Asegurado el dominio sobre ese reino de la personalidad que florece en tal espacio -limitado al este y al oeste por la pesadumbre, al sur con una espalda sin rostro y, al norte, con el inalterable cuerpo de la angustia-, comienza un proceso de movilización y de despliegue instrumental. Lo principal en esas circunstancias es tener a mano y bien visibles un ordenador, apuntes propios y prestados, fotocopias, ejercicios, casos prácticos, a ser posible algún examen tipo test desempolvado por herencia, muchos folios en blanco, cuadernos cuadriculados, a rayas o lisos; bolígrafos, bolis azules, bolis negros, bolis rojos, bolis verdes, bolis rosas, bolis grises, bolis naranjas; subrayadores y rotuladores planos, redondos, cortos, largos o en paquete; lápices. Conviene al menos disponer de goma y sacapuntas, correctores de tinta (líquidos, de bobina o brocha), pósits, clips y una buena grapadora por si acaso. Hay quien utiliza tapones para las orejas, quien se sirve de cascos y de música y quien, por el contrario, prefiere luchar en soledad ambiente.

Una vez redecorado el santuario -erigir una botella de agua aporta distinción-, aún queda por delante el grueso de la empresa. Se comienza poco a poco, se leen y se subrayan algunas páginas o se refresca el procedimiento de alguna solución, pero ninguna batalla puede ganarse con el estómago punzando, es ciertamente una irresponsabilidad, así que como la salud es lo primero uno debe salir en busca de auxilio nutritivo.

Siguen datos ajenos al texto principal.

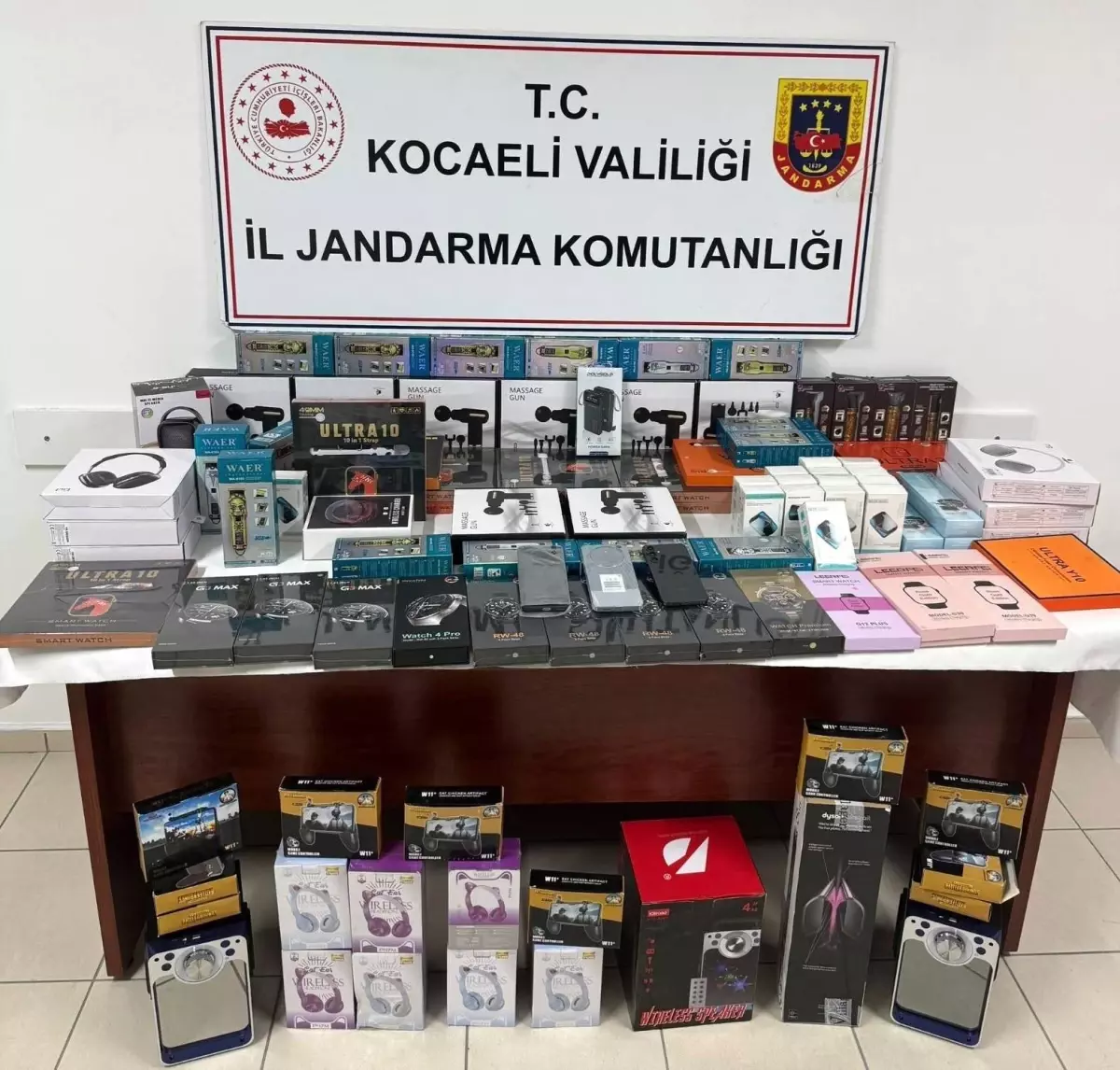 Kocaeli\'de Kaçakçılık Operasyonu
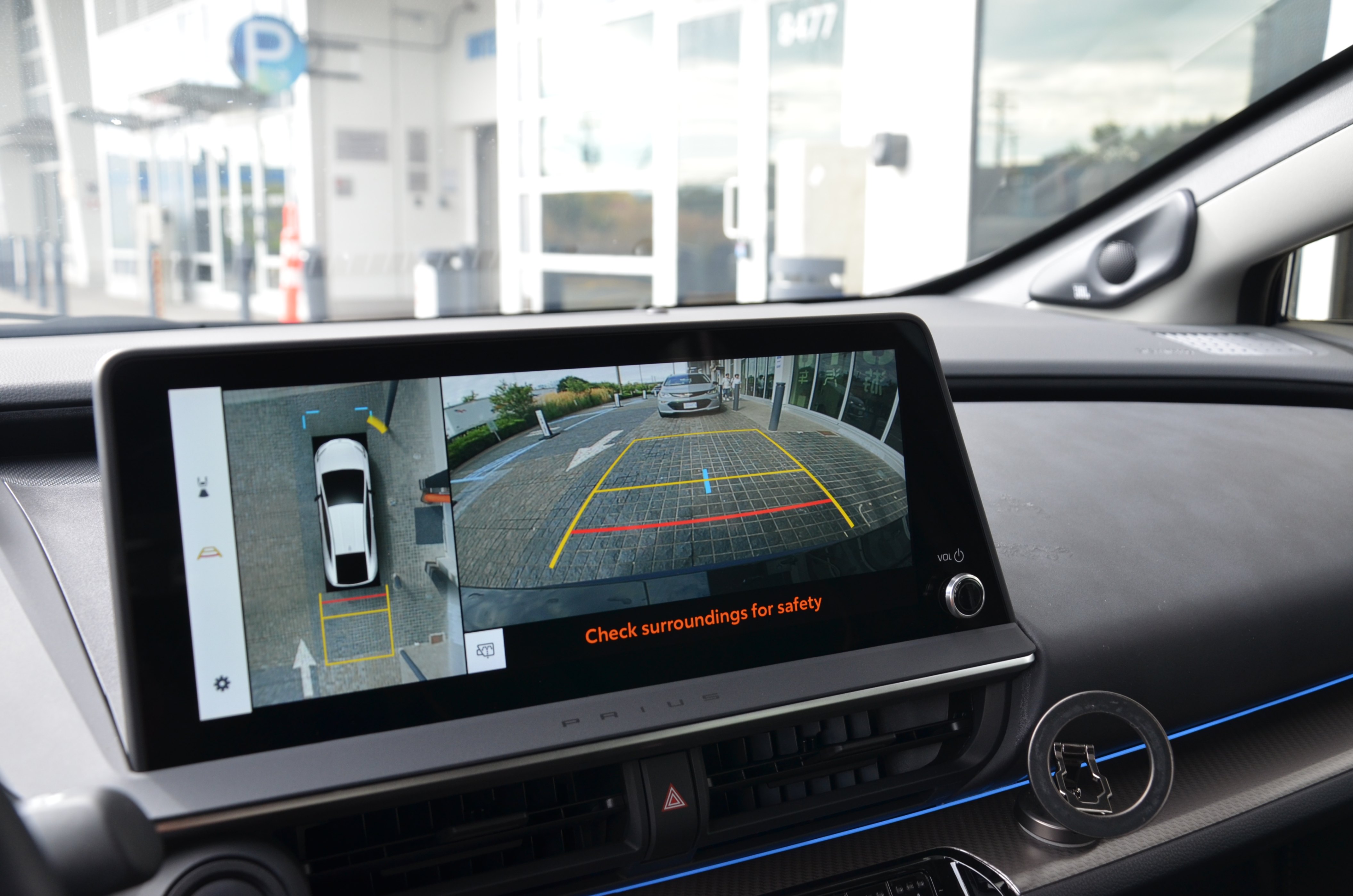 2024 Toyota Prius XLE AWD-e, Vancouver, Cash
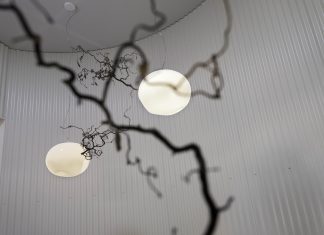 L’illuminazione come gesto, materia e linguaggio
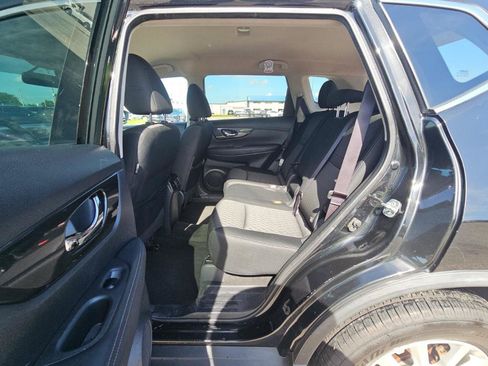 Used 2018 Nissan Rogue SV AWD/4WD image 12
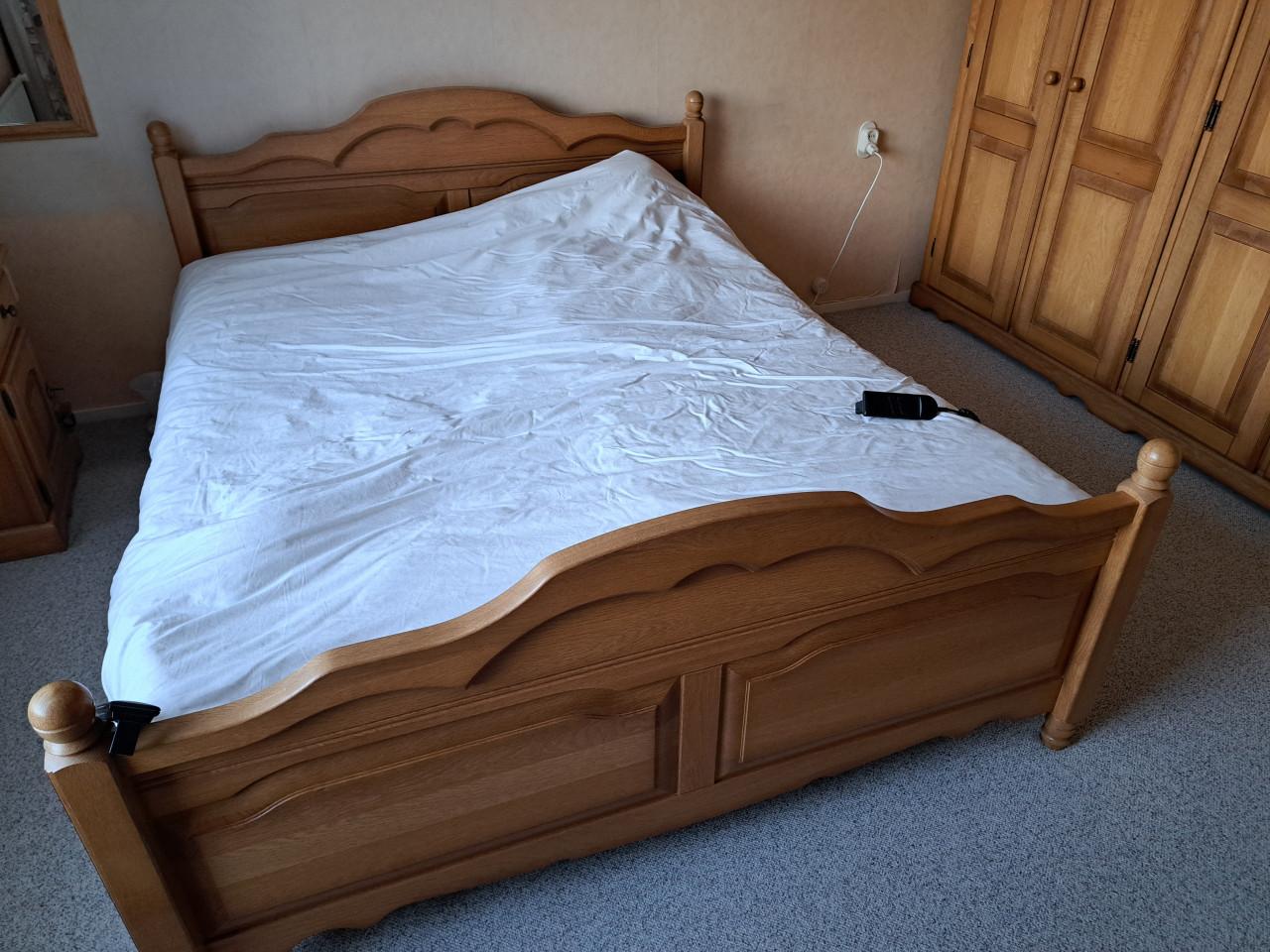 Twee persoons bed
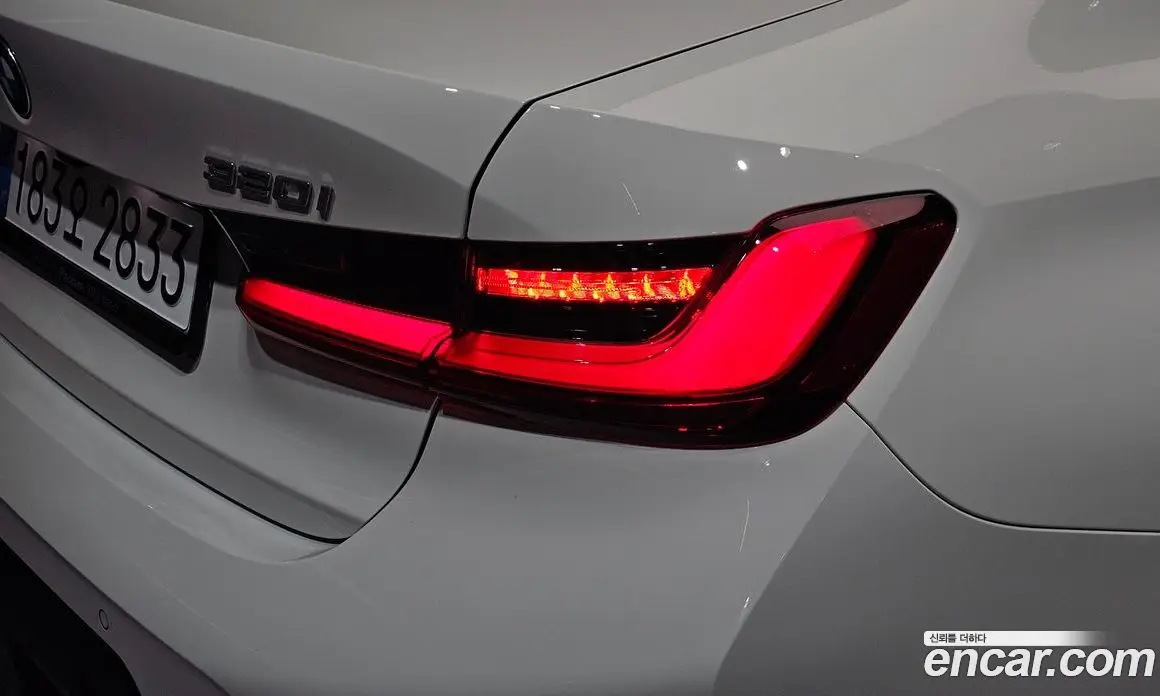 BMW 3 серия 2025 2.0 автомат (гидро), фото 9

Satisfecha esta necesidad, y después de responder a los últimos mensajes en el móvil, nada impide dedicarse enteramente a la obra. Media vuelta, una vuelta entera de las agujas a la superficie del reloj en los días buenos, una y media en el más brillante de todos, hasta que una segunda necesidad aparece, remota al principio, pero gradual y en constante aumento llegando a convertirse en algo imperioso, jamás antes ha dolido tanto, quizás en aquel viaje en que no había gasolineras, pero nunca más hasta este momento. La concentración perdida hace rato, probablemente demasiado, pero desde luego no es esa ahora la mayor de las preocupaciones. Levantarse, correr la silla con sigilo mal disimulado y apresurarse al baño. Después regresar en paz, reconciliado con la calma y el sentido de la obligación. La disposición del alma como nueva y sin un cuerpo del que ocuparse hasta dentro de un tiempo, la amenaza reaparece y la tarea se reinicia, pero a pesar de las técnicas de concentración y de las covers acústicas, a pesar del miedo sobre todo, hace tiempo que la banda ancha de la atención dejó de conducir. Acaso sea el aumento de la temperatura o de la densidad del aire concentrado, puede que sólo una cuestión de aburrimiento, pero uno no deja de levantar los ojos, primero, y la cabeza entera, después. Los coches aparcados en la calle, las luces que cuelgan, el parpadeo del detector de humos, los planos de las salidas de emergencia, el chico que se pone de pie y se marcha, la chica rubia que pasa por el pasillo, la chica morena que pasa por el pasillo, las miradas -interesantes, atractivas, vacías, aburridas, pero miradas por todas partes-, el anciano que se bambolea con toda la sección de prensa en la mano rumbo al sillón de la primera planta, los cacahuetes de la mesa de delante, el viaje por Europa de ese idiota, la intuición de que algo ha pasado en el mundo y de que hay que mirar las noticias, la desilusión porque no ha pasado nada destacable. Un mensaje, una respuesta, una conversación.

Es probable que a esas alturas uno sienta hambre hasta desfallecer y, aún con dudas, decida interrumpir todo el proceso. Bastante se ha hecho ya, mucho más que en casa por lo menos; desde luego queda mucho, pero no tanto como cuando hace unas horas se abandonó la cama contribuyendo al devenir del mundo, no está mal así. Y el camino inverso, recuperar y guardar las herramientas, levantarse, el placer de estirarse y de empujar los brazos por las mangas del abrigo, acomodárselo. Contemplar sitios vacíos, no codiciarlos, no necesitarlos, retroceder y salir, abandonar de verdad el edificio a otra hora y en otras circunstancias sin haber logrado más que una candidatura a la desesperación y un viaje al abismo, ir a casa, a la cafetería o a cualquier parte, engañarse para distraerse con seguridad y confianza, esta tarde más o quizás no, esta noche o ya mañana, sin resistencia y otra vez.